Even if you’re aware that you can go online and buy registration numbers from the DVLA that have not been issued before, did you know that the DVLA also runs two types of auctions where they sell what are generally considered to be the most sought-after numbers? The two types of auction are the Venue Auction and the Timed Online Auction, and this is a guide to how they work.
What is a DVLA Venue Auction?
A DVLA Venue Auction is exactly what its name suggests, which is a live auction held at a physical venue where people can attend and bid in person. The venue locations vary and they are advertised well in advance, and the whole thing is run along the lines of a traditional auction.
Private registration numbers that are to be auctioned off by the DVLA will be advertised well in advance of the sale with an auction calendar that can be found on the DVLA’s website. These auction sales work in the same way as any other regular auction, which is by interested bidders registering in advance of the sale and then bidding on the lots they are interested in when they come up.
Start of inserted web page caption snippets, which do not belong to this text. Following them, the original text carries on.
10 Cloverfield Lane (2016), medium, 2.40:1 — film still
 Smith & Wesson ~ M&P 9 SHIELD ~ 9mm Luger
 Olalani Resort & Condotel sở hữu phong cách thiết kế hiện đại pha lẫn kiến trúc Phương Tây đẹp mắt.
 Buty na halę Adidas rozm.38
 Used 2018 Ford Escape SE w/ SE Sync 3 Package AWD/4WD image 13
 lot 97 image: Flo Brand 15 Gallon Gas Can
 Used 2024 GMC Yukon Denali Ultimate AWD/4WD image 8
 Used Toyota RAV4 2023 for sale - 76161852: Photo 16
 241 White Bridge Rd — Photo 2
With these live auctions, bidders are normally encouraged to attend and bid in person although it is also possible for bids to be submitted online or via telephone and the DVLA issues tutorials on how this can be done.
Live auctions for anything you’re interested in can be a lot of fun, even if you’re not actually intending to buy something yourself. Anyone who loves cars ought to attend a car auction at least once in their life just to experience it and these DVLA number plate auctions can be just as entertaining. However, it’s easy to get carried away and pay too much or buy something you don’t actually need at an auction, so have a good think about what you are prepared to pay and what you want to buy before you attend a sale and risk getting carried away.
What is a DVLA Timed Auction?
The only things a DVLA Timed Auction has in common with a DVLA Venue Auction are numbers plates being sold and them eventually being sold to the highest bidder. Apart from that, these two types of auction couldn’t be much more different.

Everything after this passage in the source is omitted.